Forgiveness has many benefits
Practicing forgiveness can help reduce stress.
Forgiveness is powerful. It is not being a pushover. It is not forgetting. It may not always mean reconciliation and does not mean never getting angry. Corrie ten Boom, who’d been in a concentration camp, forgave her guards and in her book said, “When you forgive someone, the prisoner you free is yourself.”
It is a choice. Forgiveness allows us to stop looking back, be more centered in the present and have hope for the future. Michigan State University Extension includes a session on forgiveness within the RELAX: Alternatives to Anger course because of the emotional and physical benefits of forgiving. Practicing forgiveness allows us to focus on the present by letting go of the past and starting fresh. We are then able to experience anger and react in constructive rather than destructive ways. Recently in a class held in Gaylord a participant shared, “ I lost 90 pounds and avoided back surgery by working with a counselor/therapist to forgive my parents for my childhood.”
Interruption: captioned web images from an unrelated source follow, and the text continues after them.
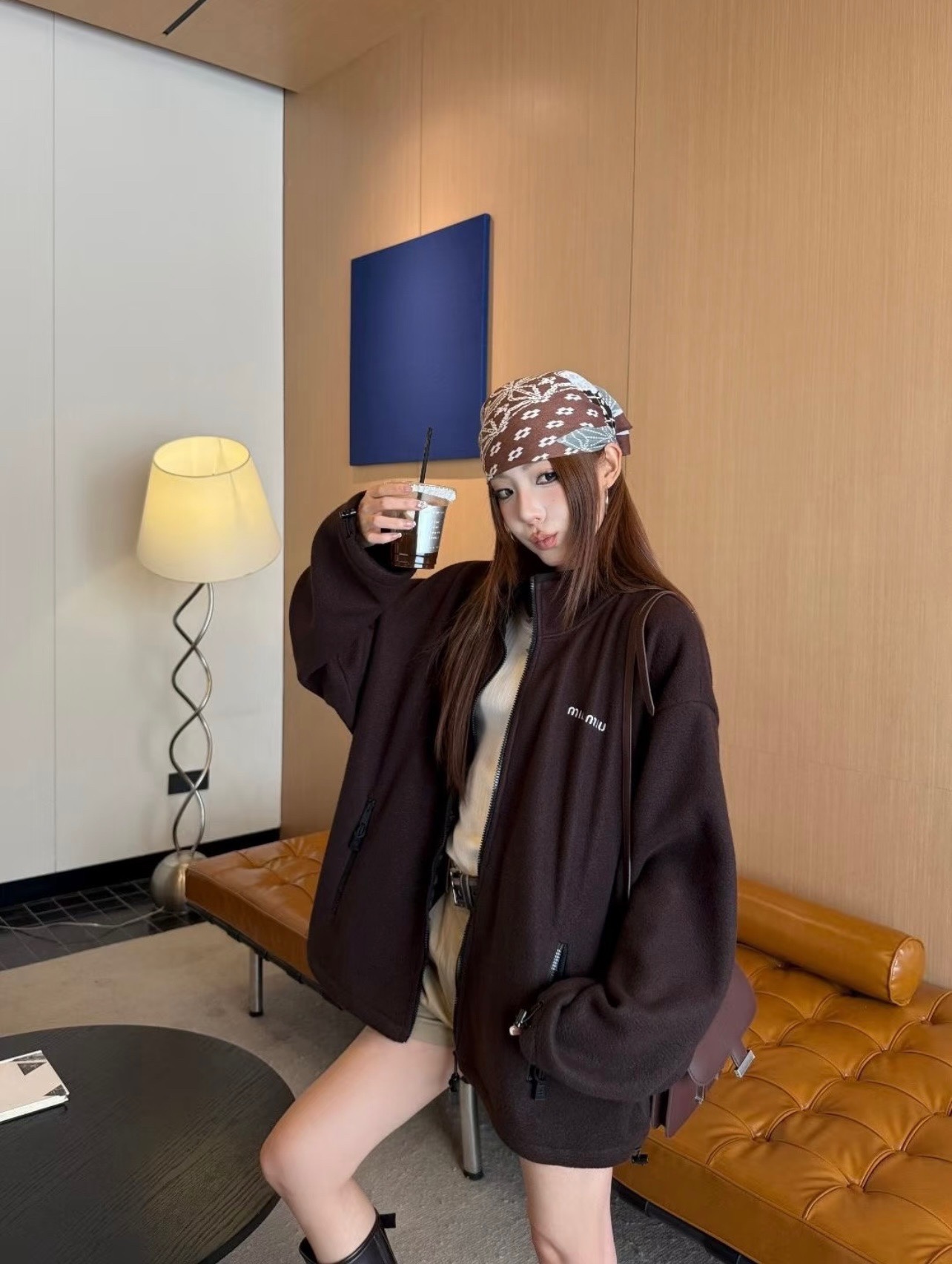  💰135
𝐌𝐢𝐮/缪缪🏠 咖啡摇粒绒外套🌰
男女同款 大版型！
表面颗粒饱满蓬松，触感软糯得像云朵，
穿上就不想脱下来！
颜色：咖色
尺码：SML
s码推荐： 80~100
m码推荐：100～115
L 码推荐： 115～135 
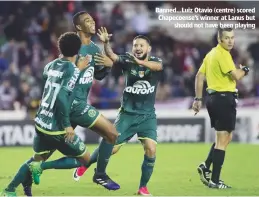  ??  ?? Banned...Luiz Otavio (centre) scored Chapecoens­e’s winner at Lanus but should not have been playing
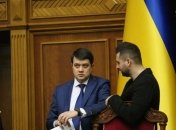 Разумков наполягає на ухваленні закону про позбавлення мандату за "кнопкодавство"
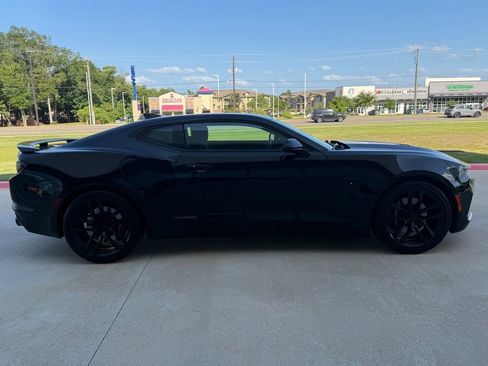 Used 2023 Chevrolet Camaro SS RWD image 7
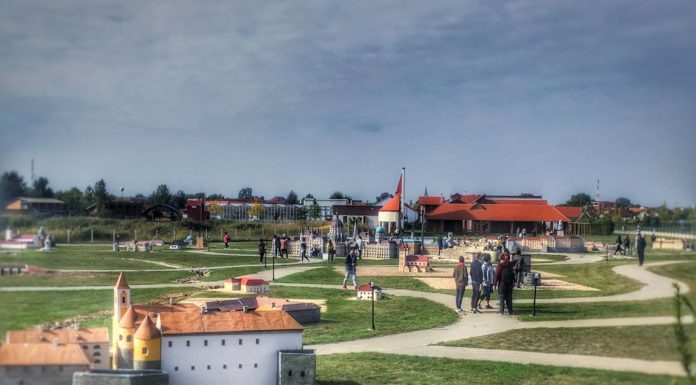 Gazdag növényzet költözik a makettek közé – megújul a mórahalmi Mini Hungary Park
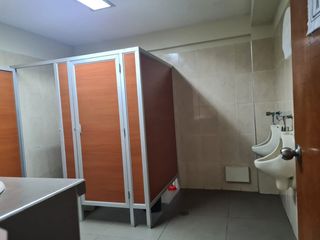 Foto 11 de Edificio comercial en plena centro Avenida Pardo de Chimbote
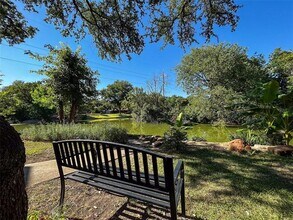 904 S Weatherred Dr in Richardson, TX - Building Photo - Building Photo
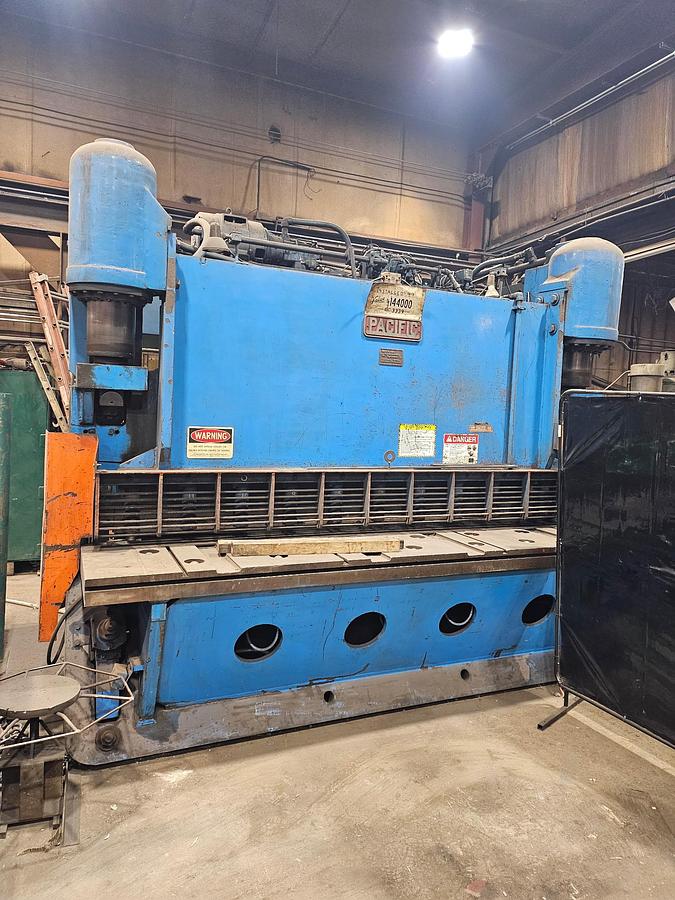 Used 3/4" x 10' Pacific #750-R10, hydraulic squaring shear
People who are practicing forgiveness identified the following:
- Fewer health problems
- Less stress
- Have fewer physical symptoms of stress
Buddha said, “Holding onto your anger is like grasping a hot coal with the intention of throwing it at someone else; you are the one getting burned.” After criminal and civil cases, and 10 years of time another program participant was was able to forgive the drunk driver that caused the accident which landed her and her children in the hospital for 31 days. She said, “I had to forgive him for me. It was eating me from the inside out.”
People who are not practicing forgiveness may experience one or more of the following:
- Experience tight muscles.
- Have a restricted blood flow.
- Take longer to recover from injury or surgery.
- Experience chronic pain.
- Have digestive issues.
- Be more susceptible to infection and illness due to a suppressed immune system.